SIXTH AMENDMENT TO SECOND AMENDED AND RESTATED OPERATING AGREEMENT OF TPG/CALSTRS, LLC
Exhibit 10.47
SIXTH AMENDMENT TO
SECOND AMENDED AND RESTATED OPERATING AGREEMENT
OF
TPG/CALSTRS, LLC
THIS SIXTH AMENDMENT TO SECOND AMENDED AND RESTATED OPERATING AGREEMENT OF TPG/CALSTRS, LLC (this “Amendment”), is entered into as of February 19, 2010, by and between CALIFORNIA STATE TEACHERS’ RETIREMENT SYSTEM, a public entity (“Investor”), and XXXXXX PROPERTIES GROUP, L.P., a Maryland limited partnership (“Operator”).
RECITALS
A. Investor and Operator, as the sole members of TPG/CalSTRS, LLC, a Delaware limited liability company (the “Company”), entered into that certain Second Amended and Restated Operating Agreement of TPG/CalSTRS, LLC, dated as of October 13, 2004 (the “Original Agreement”), as amended by that certain First Amendment to Second Amended and Restated Operating Agreement of TPG/CalSTRS, LLC, dated as of June 8, 2006, that certain Second Amendment to Second Amended and Restated Operating Agreement of TPG/CalSTRS, LLC, dated as of May 25, 2007, that certain Third Amendment to Second Amended and Restated Operating Agreement of TPG/CalSTRS, LLC, dated as of February 1, 2008, that certain Fourth Amendment to Second Amended and Restated Operating Agreement dated as of November 5, 2008, and that certain Fifth Amendment to Second Amended and Restated Operating Agreement dated as of October 30, 2009 (collectively with the Original Agreement, the “Agreement”). All capitalized terms not otherwise defined herein shall have the meanings set forth in the Agreement.
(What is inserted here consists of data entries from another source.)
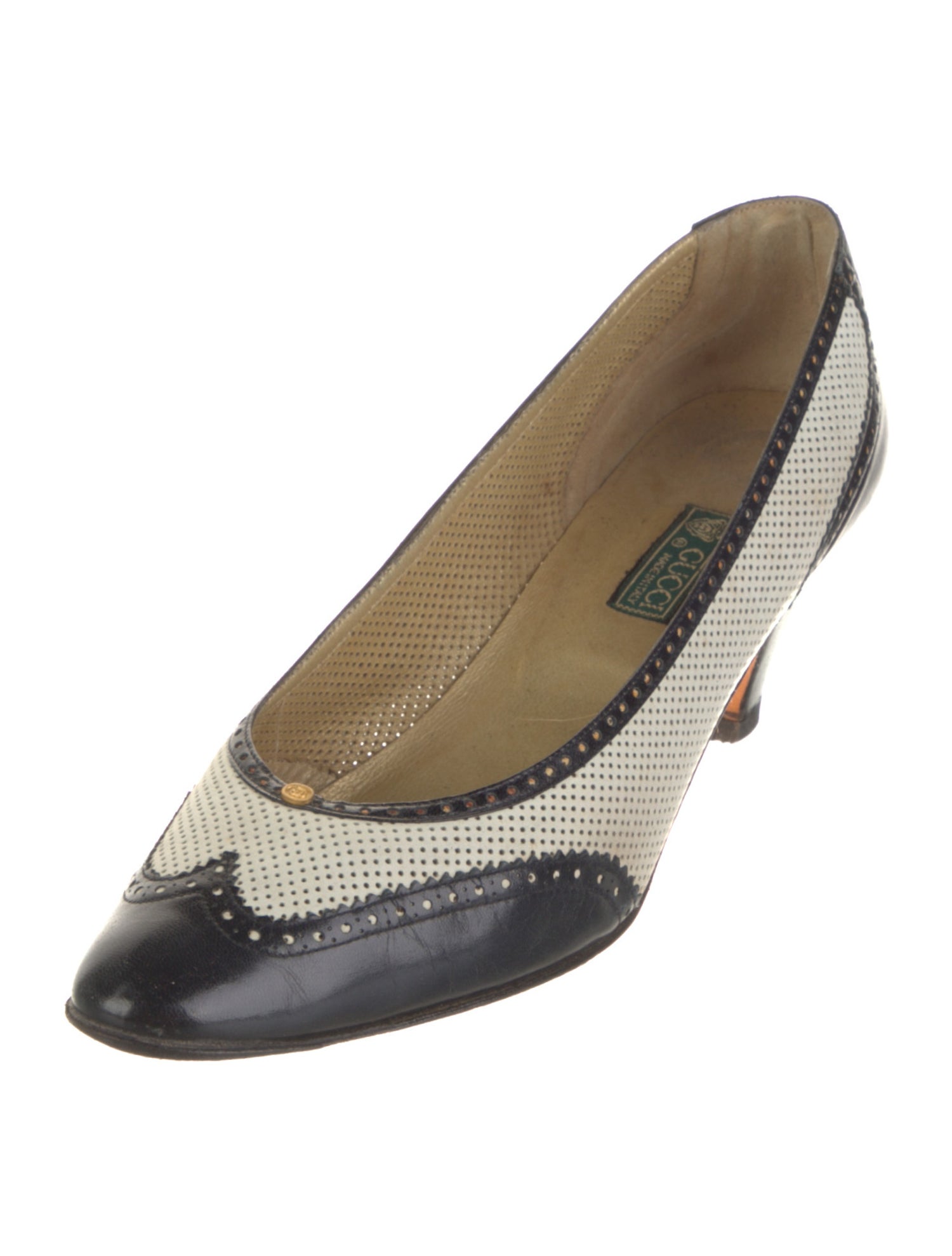 Gucci Leather Colorblock Pattern Pumps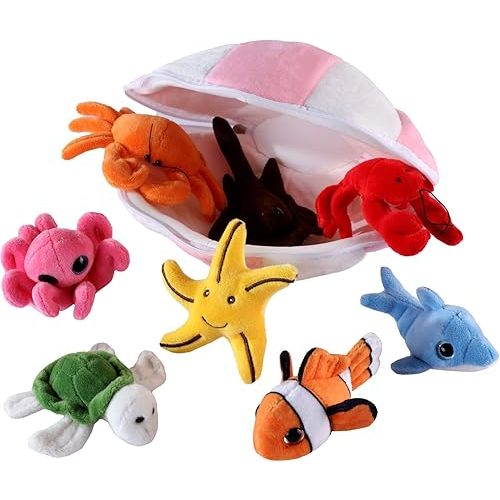 Plush Soft Stuffed Ocean Sea Animals Playset with Plush Shell Package House for Storage Includes Stuffed Turtle, Lobster, Crab, Dolphin, Stingray Fish, Octopus, Starfish, Nemo Striped Fish (8 Piece)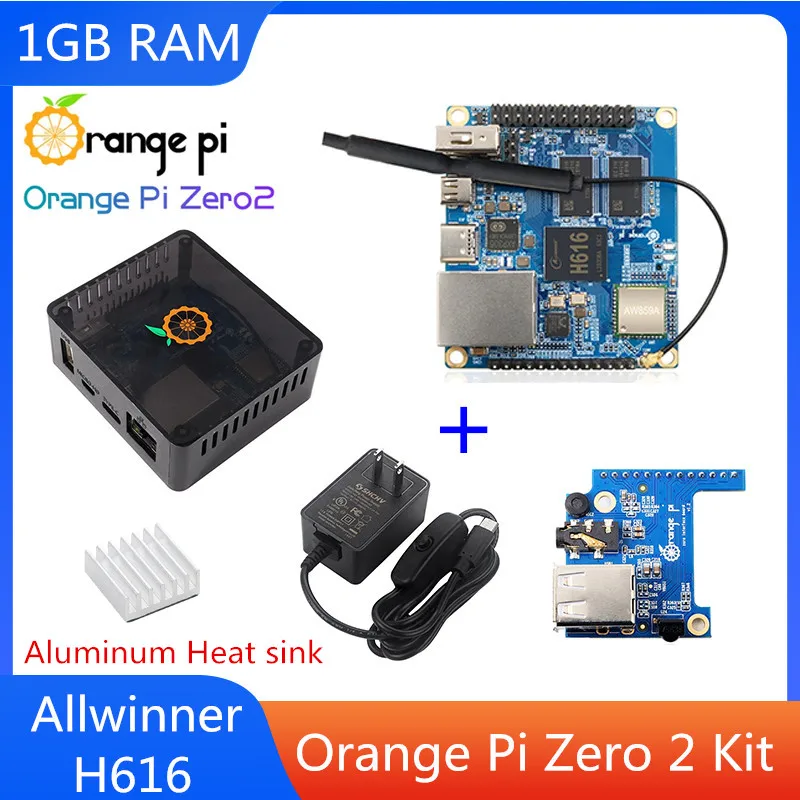 

Orange Pi Zero 2 Optional Power Supply And Case Single Board Kit Computer H616 Chip 1G BT5.0 WIFI Run Android10 Ubuntu Debian OS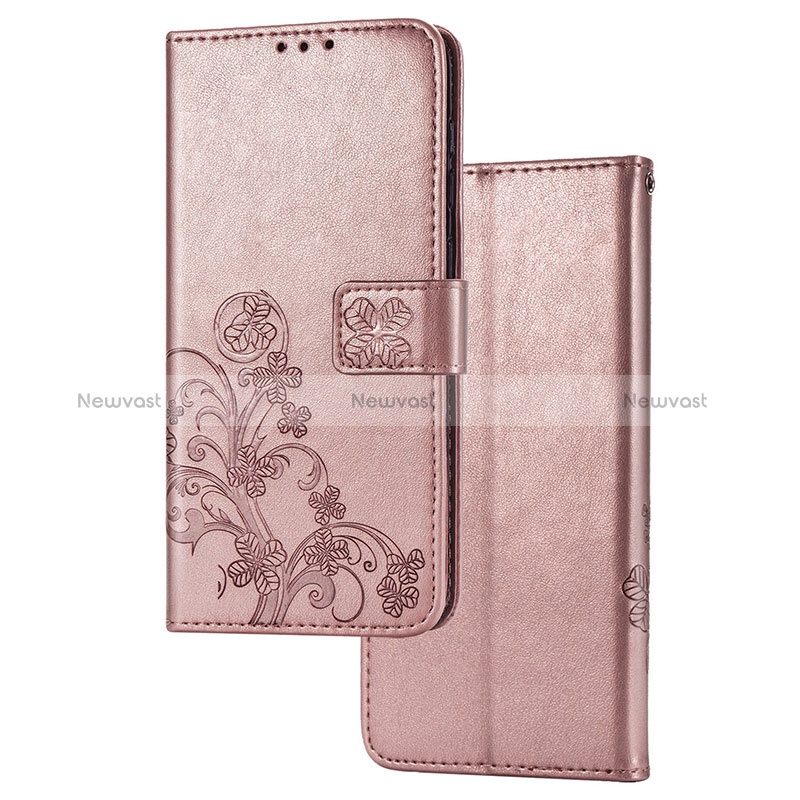 Leather Case Stands Flip Flowers Cover Holder for Sony Xperia L4 Pink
B. One of the Projects owned by the Company is that certain office complex commonly known as City National Plaza, located at 505 – 000 Xxxxx Xxxxxx Xxxxxx, Xxx Xxxxxxx, Xxxxxxxxxx (the “City National Plaza Project”). The current ownership structure of the City National Plaza Project is as set forth on Exhibit “B” to the Master Agreement (defined below).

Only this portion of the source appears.